» What the task requires
The records that follow are to be transcribed word for word.

*** Records to process

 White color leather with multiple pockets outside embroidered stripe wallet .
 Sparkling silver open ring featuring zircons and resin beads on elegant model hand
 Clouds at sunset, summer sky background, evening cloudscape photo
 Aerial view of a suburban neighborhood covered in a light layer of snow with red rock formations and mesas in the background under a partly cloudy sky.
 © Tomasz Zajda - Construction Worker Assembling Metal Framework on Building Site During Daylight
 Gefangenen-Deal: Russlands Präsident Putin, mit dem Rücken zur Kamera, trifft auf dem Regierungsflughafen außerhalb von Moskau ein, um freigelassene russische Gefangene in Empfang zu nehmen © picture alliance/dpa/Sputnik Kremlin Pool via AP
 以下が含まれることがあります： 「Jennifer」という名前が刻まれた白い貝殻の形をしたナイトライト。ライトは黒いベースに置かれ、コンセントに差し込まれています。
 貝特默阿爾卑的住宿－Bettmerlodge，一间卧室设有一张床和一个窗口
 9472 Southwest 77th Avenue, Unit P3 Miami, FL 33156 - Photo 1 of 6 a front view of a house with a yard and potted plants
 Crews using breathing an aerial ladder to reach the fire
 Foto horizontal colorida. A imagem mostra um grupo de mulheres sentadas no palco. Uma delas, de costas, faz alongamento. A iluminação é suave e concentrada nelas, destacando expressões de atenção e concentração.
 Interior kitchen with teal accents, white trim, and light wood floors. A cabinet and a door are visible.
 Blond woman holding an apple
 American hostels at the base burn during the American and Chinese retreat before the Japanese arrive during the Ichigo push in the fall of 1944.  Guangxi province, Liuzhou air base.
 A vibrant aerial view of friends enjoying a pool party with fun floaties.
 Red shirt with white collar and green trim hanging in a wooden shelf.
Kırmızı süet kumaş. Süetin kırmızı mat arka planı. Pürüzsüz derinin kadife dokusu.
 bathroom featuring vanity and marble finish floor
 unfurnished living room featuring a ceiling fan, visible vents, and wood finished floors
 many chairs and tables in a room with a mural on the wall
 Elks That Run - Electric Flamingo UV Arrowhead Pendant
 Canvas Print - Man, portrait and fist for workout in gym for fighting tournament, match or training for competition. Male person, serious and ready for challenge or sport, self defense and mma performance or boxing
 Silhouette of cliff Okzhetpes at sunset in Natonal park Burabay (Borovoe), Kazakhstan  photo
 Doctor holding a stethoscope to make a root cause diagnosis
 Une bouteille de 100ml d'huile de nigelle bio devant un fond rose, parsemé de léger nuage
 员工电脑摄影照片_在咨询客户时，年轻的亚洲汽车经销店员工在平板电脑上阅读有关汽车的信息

******

» Reply
 White color leather with multiple pockets outside embroidered stripe wallet .
 Sparkling silver open ring featuring zircons and resin beads on elegant model hand
 Clouds at sunset, summer sky background, evening cloudscape photo
 Aerial view of a suburban neighborhood covered in a light layer of snow with red rock formations and mesas in the background under a partly cloudy sky.
 © Tomasz Zajda - Construction Worker Assembling Metal Framework on Building Site During Daylight
 Gefangenen-Deal: Russlands Präsident Putin, mit dem Rücken zur Kamera, trifft auf dem Regierungsflughafen außerhalb von Moskau ein, um freigelassene russische Gefangene in Empfang zu nehmen © picture alliance/dpa/Sputnik Kremlin Pool via AP
 以下が含まれることがあります： 「Jennifer」という名前が刻まれた白い貝殻の形をしたナイトライト。ライトは黒いベースに置かれ、コンセントに差し込まれています。
 貝特默阿爾卑的住宿－Bettmerlodge，一间卧室设有一张床和一个窗口
 9472 Southwest 77th Avenue, Unit P3 Miami, FL 33156 - Photo 1 of 6 a front view of a house with a yard and potted plants
 Crews using breathing an aerial ladder to reach the fire
 Foto horizontal colorida. A imagem mostra um grupo de mulheres sentadas no palco. Uma delas, de costas, faz alongamento. A iluminação é suave e concentrada nelas, destacando expressões de atenção e concentração.
 Interior kitchen with teal accents, white trim, and light wood floors. A cabinet and a door are visible.
 Blond woman holding an apple
 American hostels at the base burn during the American and Chinese retreat before the Japanese arrive during the Ichigo push in the fall of 1944.  Guangxi province, Liuzhou air base.
 A vibrant aerial view of friends enjoying a pool party with fun floaties.
 Red shirt with white collar and green trim hanging in a wooden shelf.
Kırmızı süet kumaş. Süetin kırmızı mat arka planı. Pürüzsüz derinin kadife dokusu.
 bathroom featuring vanity and marble finish floor
 unfurnished living room featuring a ceiling fan, visible vents, and wood finished floors
 many chairs and tables in a room with a mural on the wall
 Elks That Run - Electric Flamingo UV Arrowhead Pendant
 Canvas Print - Man, portrait and fist for workout in gym for fighting tournament, match or training for competition. Male person, serious and ready for challenge or sport, self defense and mma performance or boxing
 Silhouette of cliff Okzhetpes at sunset in Natonal park Burabay (Borovoe), Kazakhstan  photo
 Doctor holding a stethoscope to make a root cause diagnosis
 Une bouteille de 100ml d'huile de nigelle bio devant un fond rose, parsemé de léger nuage
 员工电脑摄影照片_在咨询客户时，年轻的亚洲汽车经销店员工在平板电脑上阅读有关汽车的信息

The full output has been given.